* What to work on
Below is a set of records; reproduce them exactly without their pictures.

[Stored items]
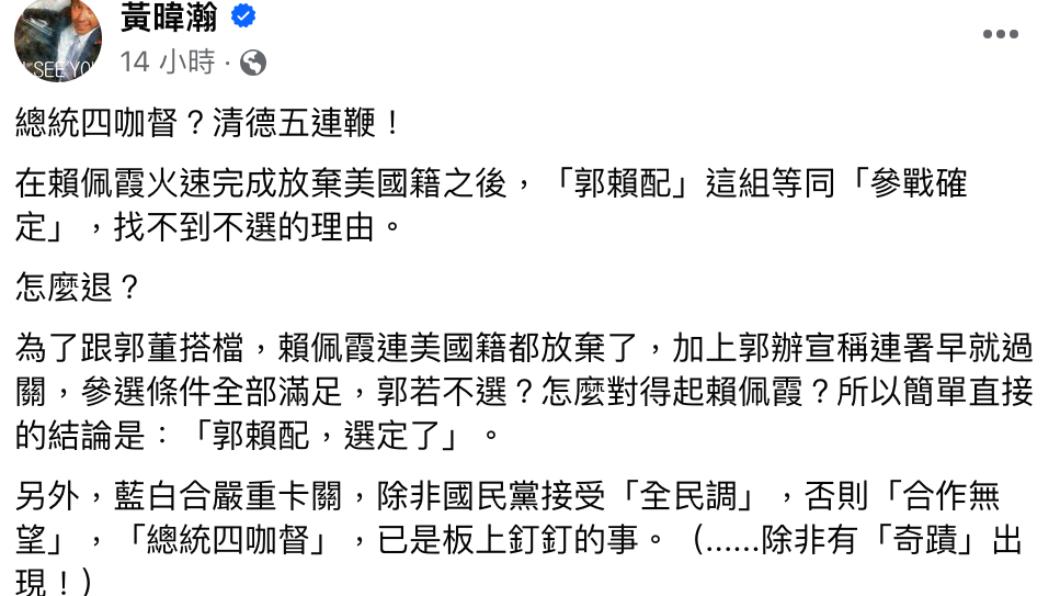 黃暐瀚發文。(圖/翻攝自黃暐瀚臉書)
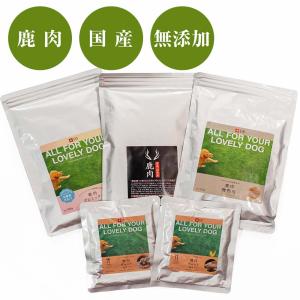 うまか 犬 ドッグフード 1.5kg プレミアム UMAKA umaka : SBSヤフー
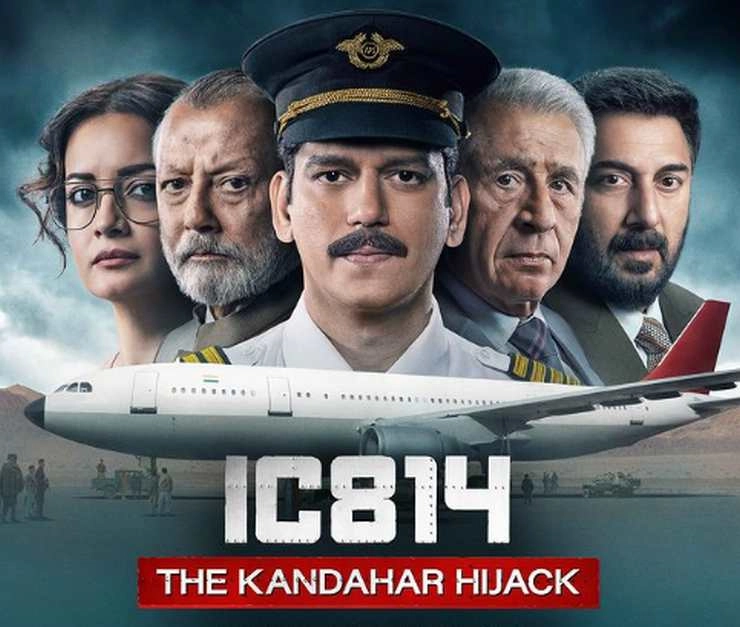 IC 814 में आतंकवादियों के हिंदू नामों पर मचा बवाल, I&B मंत्रालय ने नेटफ्लिक्स के कंटेंट हेड को किया तलब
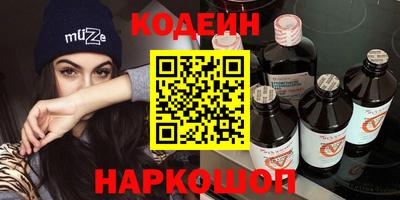 спиды Усть-Илимск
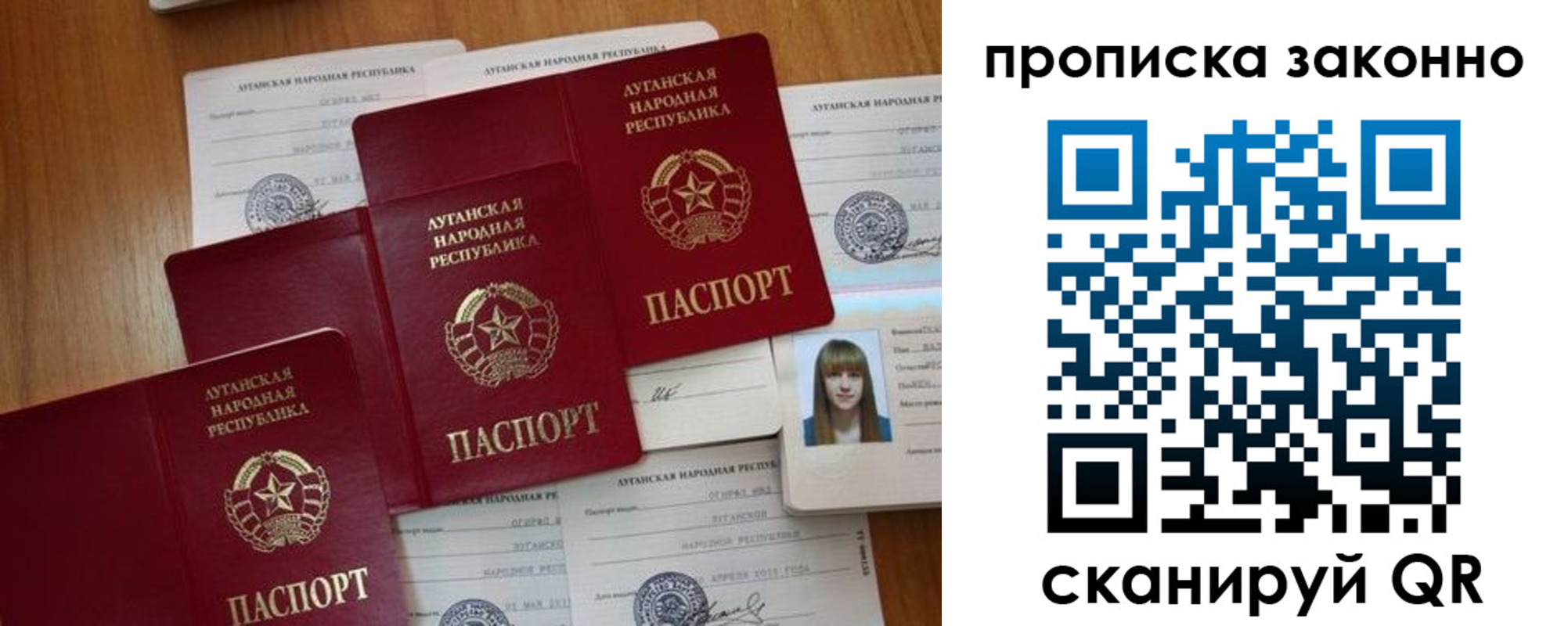 миграционный учет в Котовске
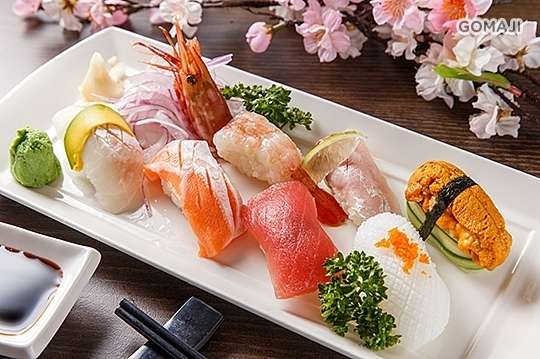 極上日本料理
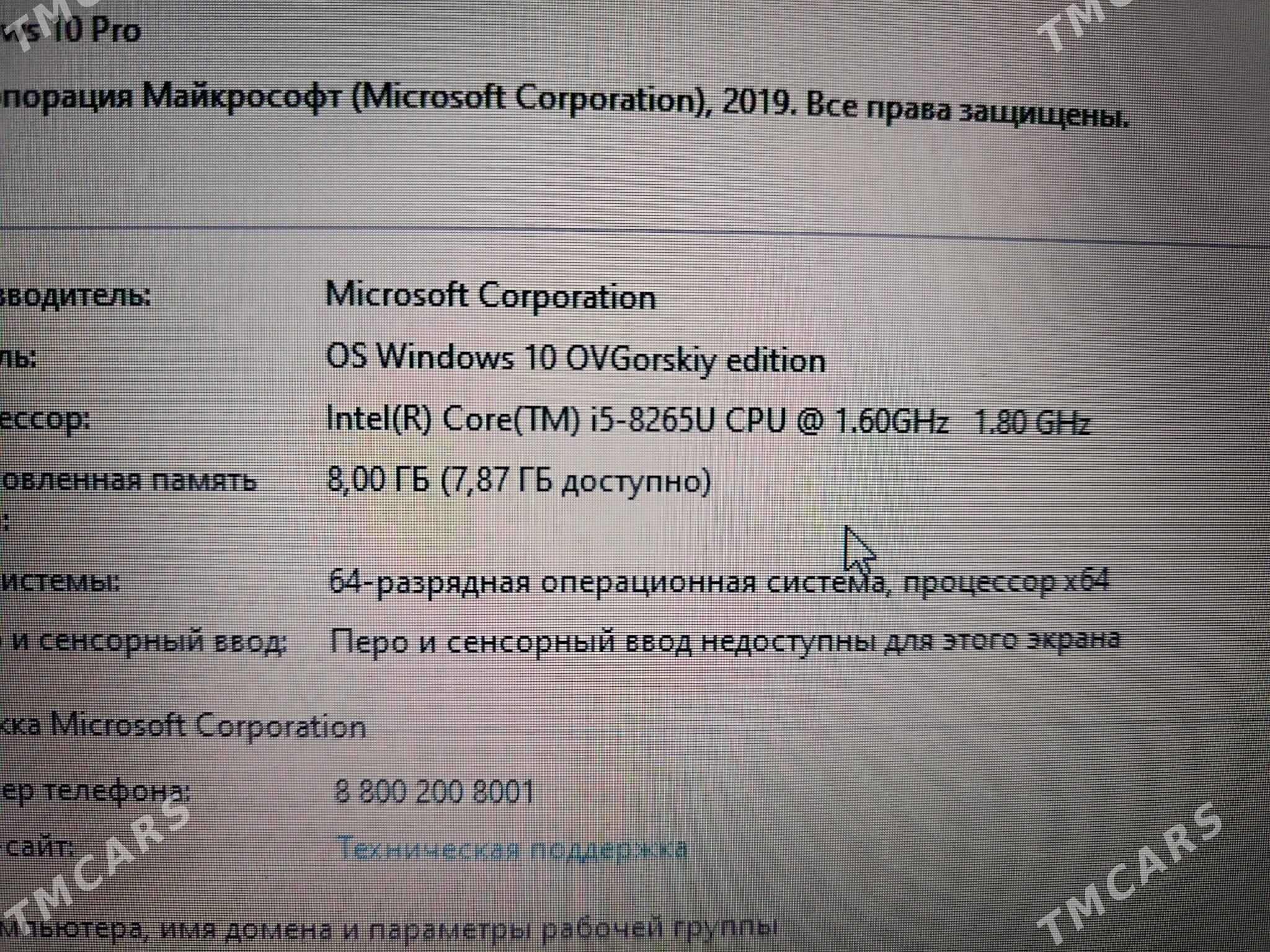 НОУТБУК NOUTBUK DDR4 8TH GEN - Türkmenabat - img 7
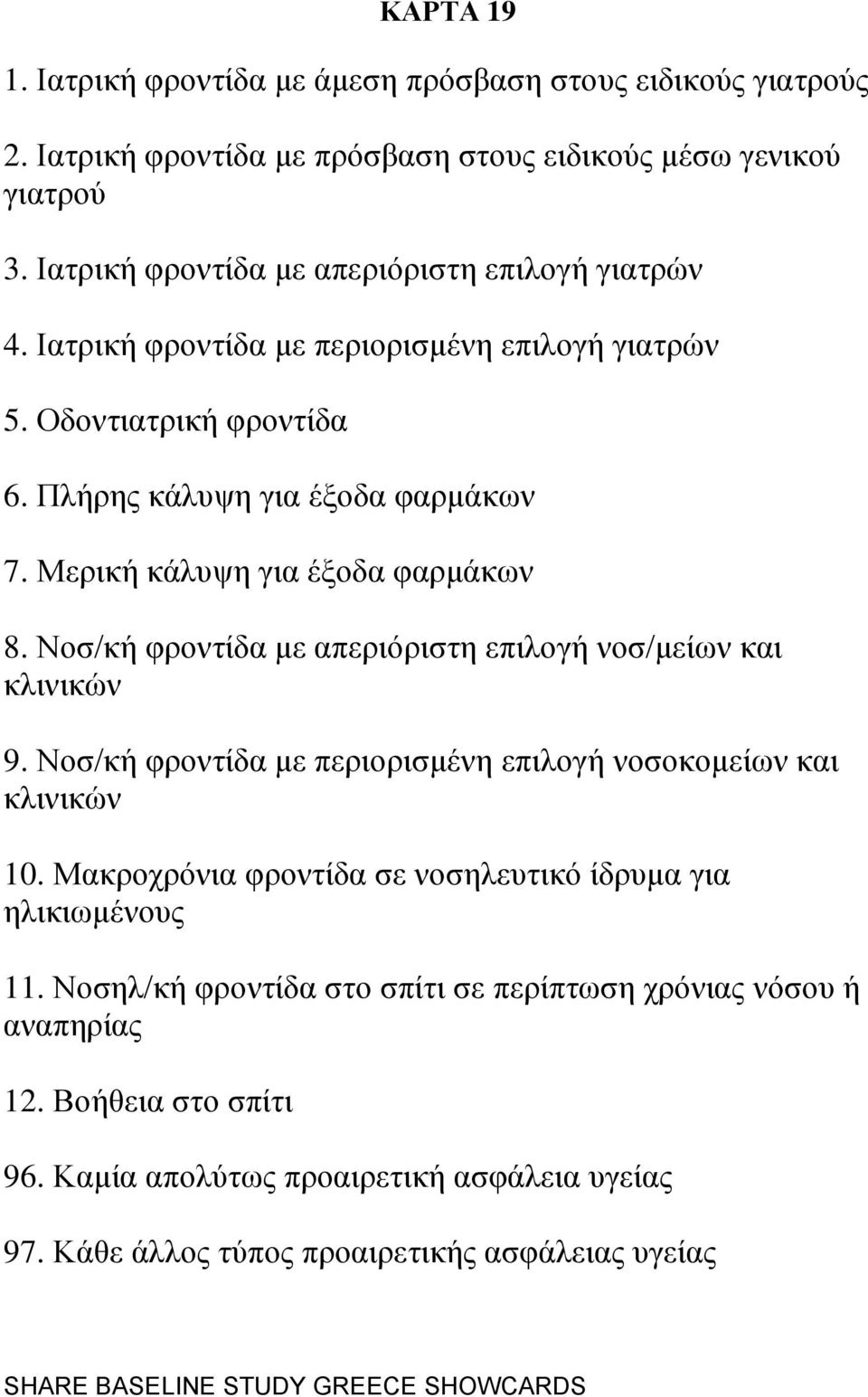 Μεξηθή θάιπςε γηα έμνδα θαξκάθσλ 8. Ννζ/θή θξνληίδα κε απεξηφξηζηε επηινγή λνζ/κείσλ θαη θιηληθψλ 9. Ννζ/θή θξνληίδα κε πεξηνξηζκέλε επηινγή λνζνθνκείσλ θαη θιηληθψλ 10.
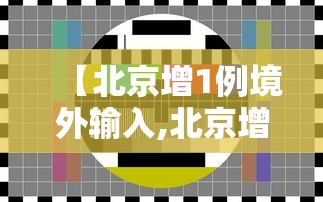 【北京增1例境外输入,北京增1例境外输入 轨迹】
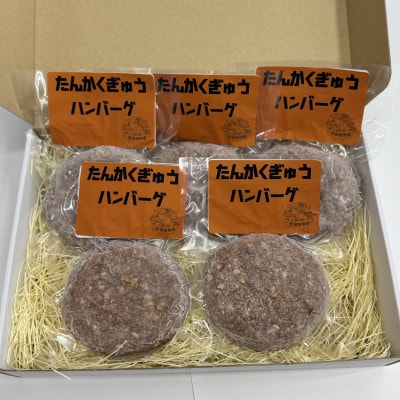 いわいずみ短角牛 冷凍生ハンバーグ 5個セット【配送不可地域：離島】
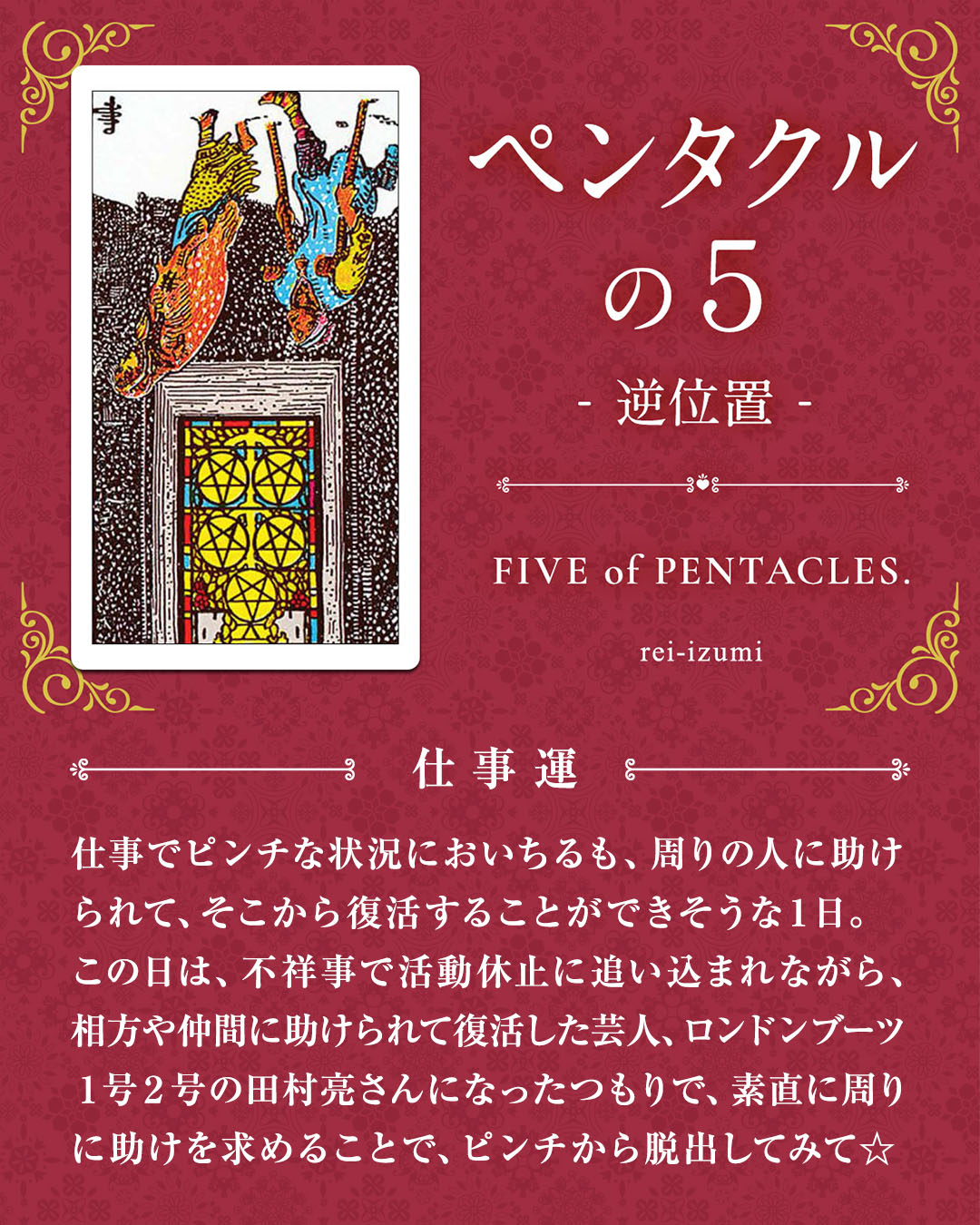 305b_ペンタクルの５_逆_03_仕事運.jpg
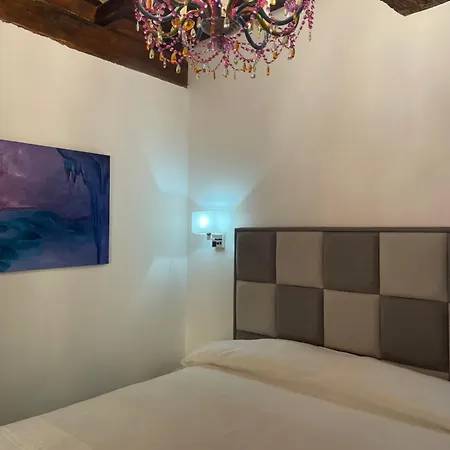 Apartamento Giglio Navona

* Exercise solution
 黃暐瀚發文。(圖/翻攝自黃暐瀚臉書)
 うまか 犬 ドッグフード 1.5kg プレミアム UMAKA umaka : SBSヤフー
 IC 814 में आतंकवादियों के हिंदू नामों पर मचा बवाल, I&B मंत्रालय ने नेटफ्लिक्स के कंटेंट हेड को किया तलब
 спиды Усть-Илимск
 миграционный учет в Котовске
 極上日本料理
 НОУТБУК NOUTBUK DDR4 8TH GEN - Türkmenabat - img 7
 Μεξηθή θάιπςε γηα έμνδα θαξκάθσλ 8. Ννζ/θή θξνληίδα κε απεξηφξηζηε επηινγή λνζ/κείσλ θαη θιηληθψλ 9. Ννζ/θή θξνληίδα κε πεξηνξηζκέλε επηινγή λνζνθνκείσλ θαη θιηληθψλ 10.
 【北京增1例境外输入,北京增1例境外输入 轨迹】
 いわいずみ短角牛 冷凍生ハンバーグ 5個セット【配送不可地域：離島】
 305b_ペンタクルの５_逆_03_仕事運.jpg
 Apartamento Giglio Navona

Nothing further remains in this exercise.